*Task brief*. Go through the entries below and print, exactly, the lines starting at the one with "спайс Чебаркуль" and ending at the one with "黃鶴樓軟1916爆珠什么味？黃鶴樓軟1916爆珠口味品析2020", keeping both ends and no others.
........
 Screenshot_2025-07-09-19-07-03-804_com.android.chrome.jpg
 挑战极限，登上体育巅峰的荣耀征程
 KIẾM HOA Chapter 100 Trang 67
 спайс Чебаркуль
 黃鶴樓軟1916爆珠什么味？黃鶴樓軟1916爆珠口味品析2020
........
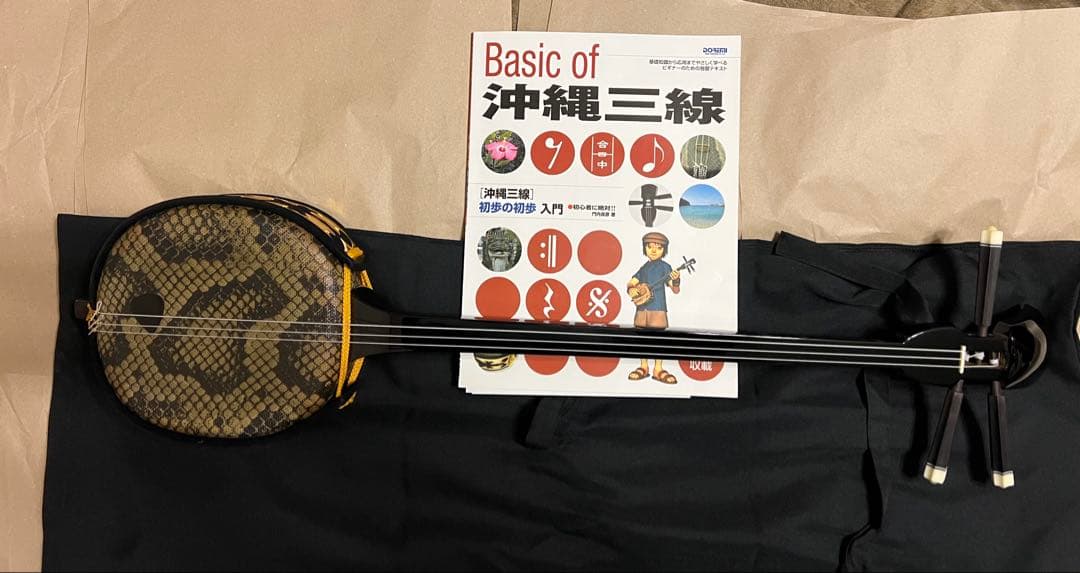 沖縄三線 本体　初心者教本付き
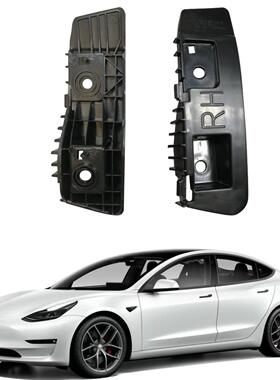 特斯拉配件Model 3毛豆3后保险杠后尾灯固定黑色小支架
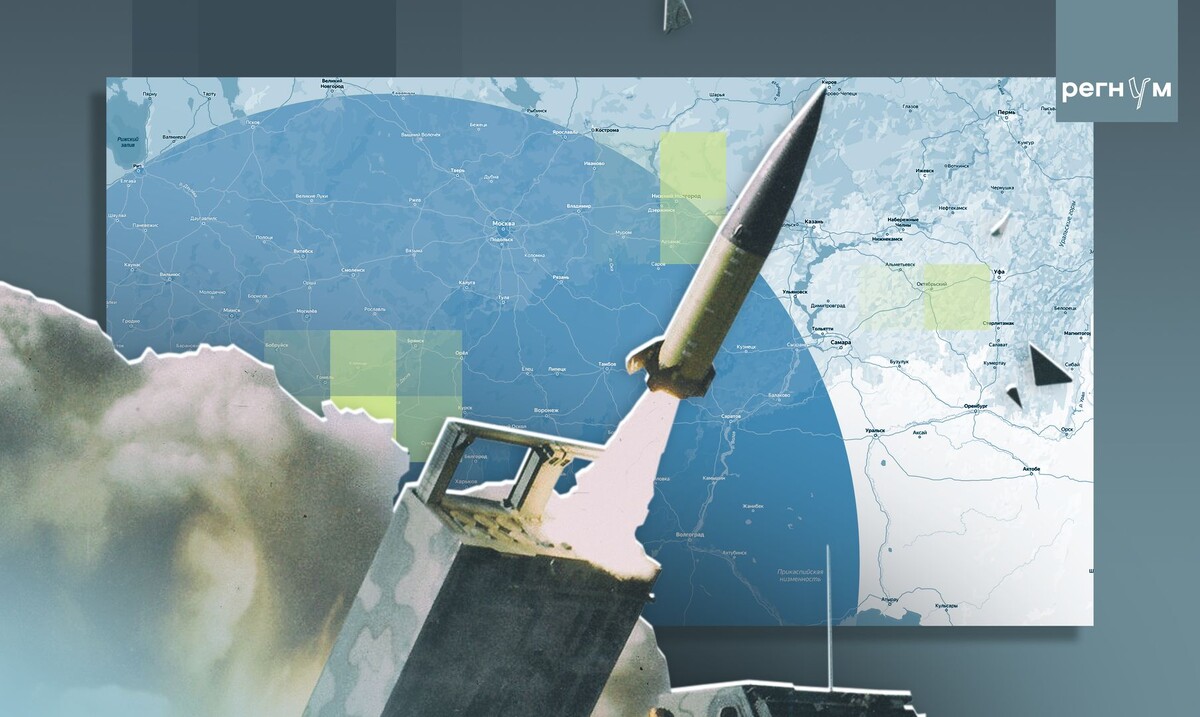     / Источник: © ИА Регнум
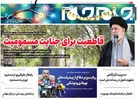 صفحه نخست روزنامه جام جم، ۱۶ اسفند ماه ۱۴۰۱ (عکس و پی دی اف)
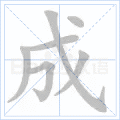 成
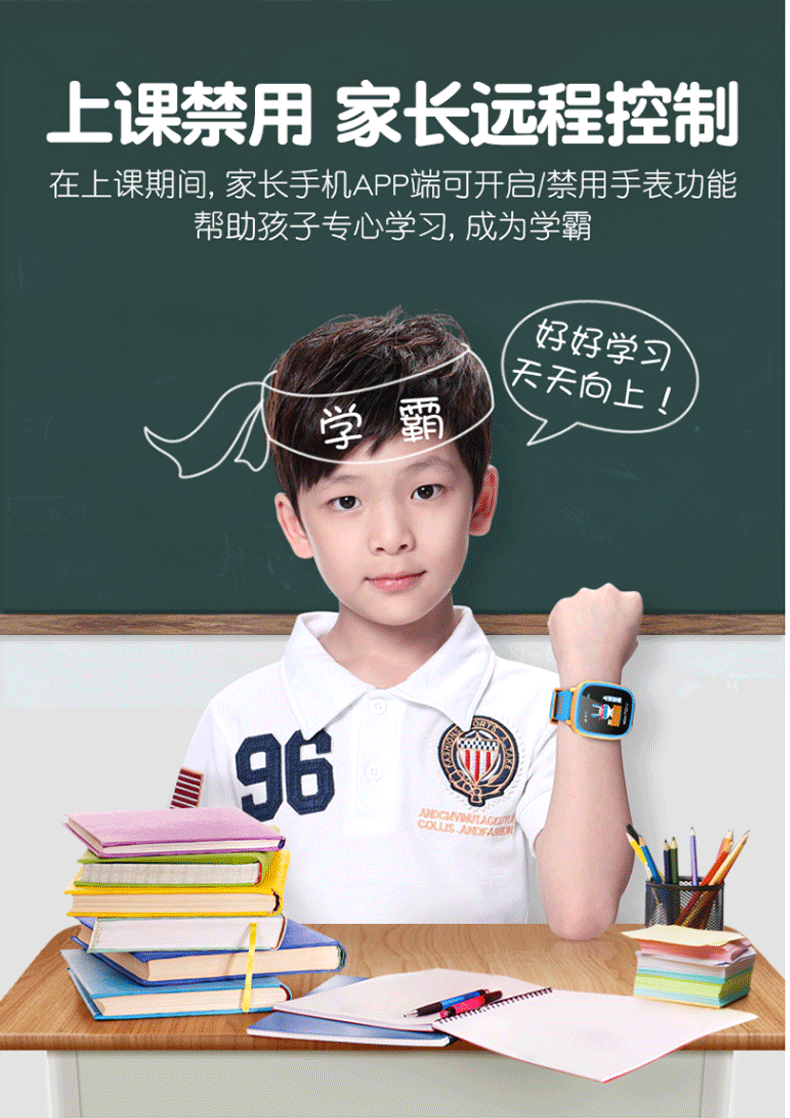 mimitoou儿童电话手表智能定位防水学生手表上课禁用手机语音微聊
........
*Output*.
 спайс Чебаркуль
 黃鶴樓軟1916爆珠什么味？黃鶴樓軟1916爆珠口味品析2020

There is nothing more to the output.